[Data section]:
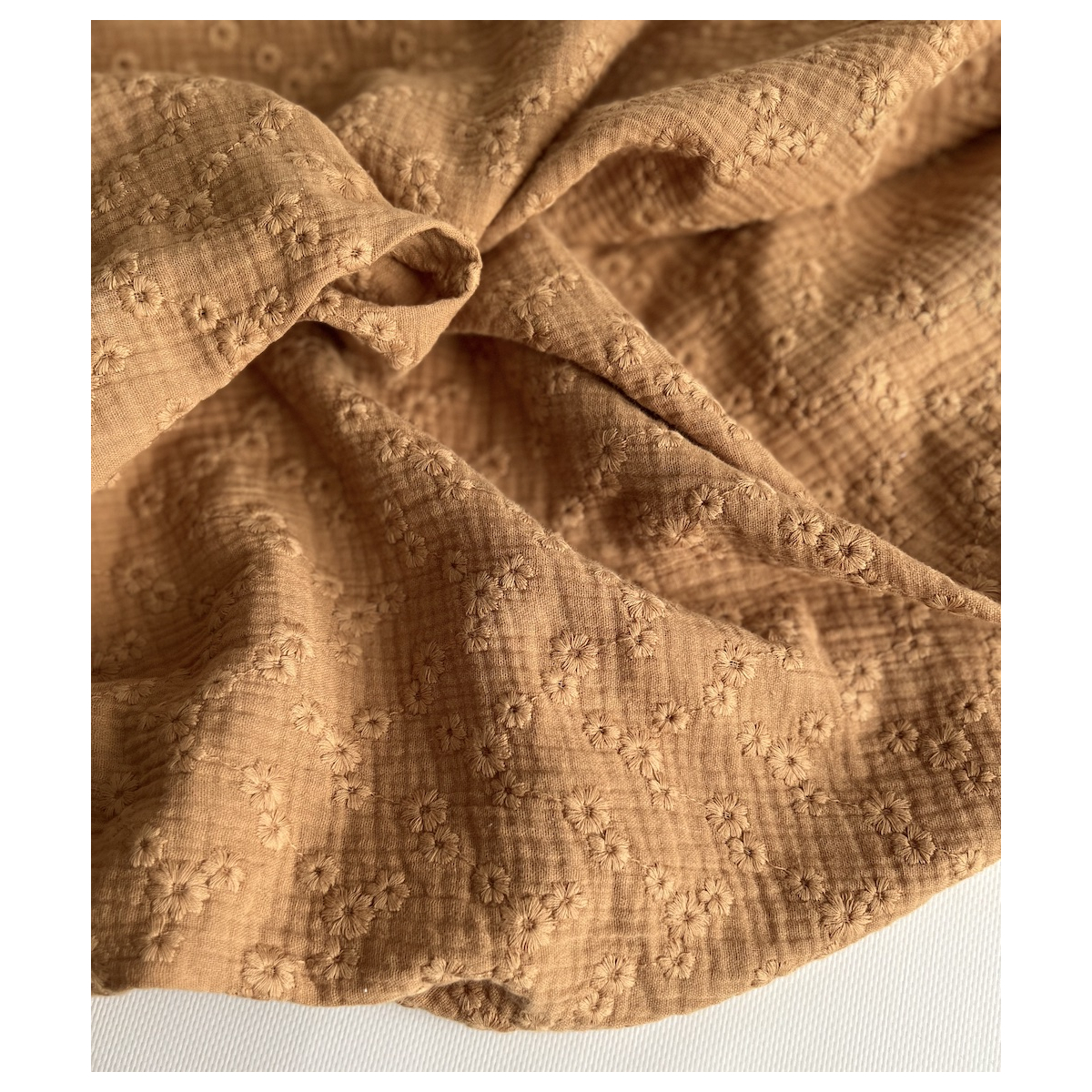Double gaze de coton Esmée brodée coloris camel Qualité Oeko-tex - 3 Double gaze de coton Esmée brodée coloris camel Qualité Oeko-tex - 3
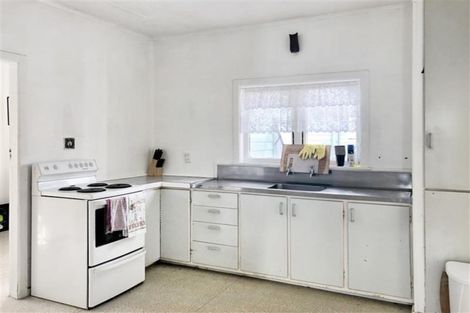 Photo of property in 1/49 Clevedon Road, Papakura, 2110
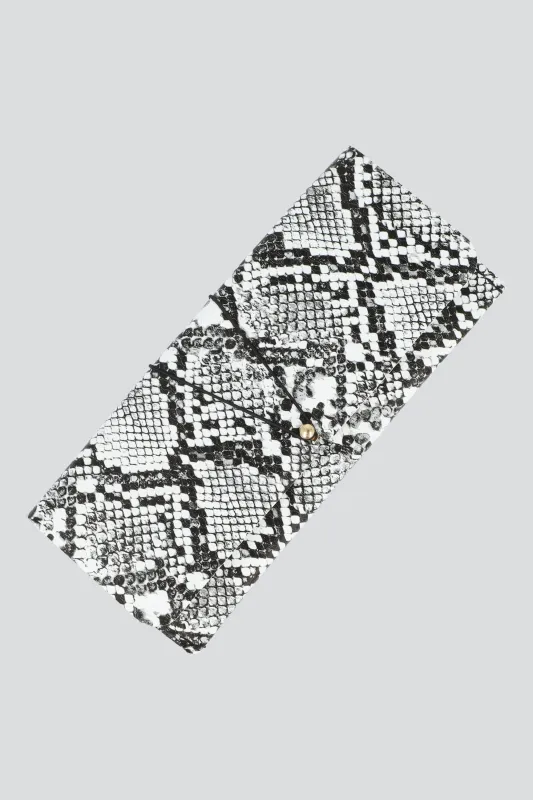 Funda para lentes snake print sold by Shasa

[Work request]: Leave the pictures out and return the rest of the material exactly.

[Result of this task]:
Double gaze de coton Esmée brodée coloris camel Qualité Oeko-tex - 3 Double gaze de coton Esmée brodée coloris camel Qualité Oeko-tex - 3
 Photo of property in 1/49 Clevedon Road, Papakura, 2110
 Funda para lentes snake print sold by Shasa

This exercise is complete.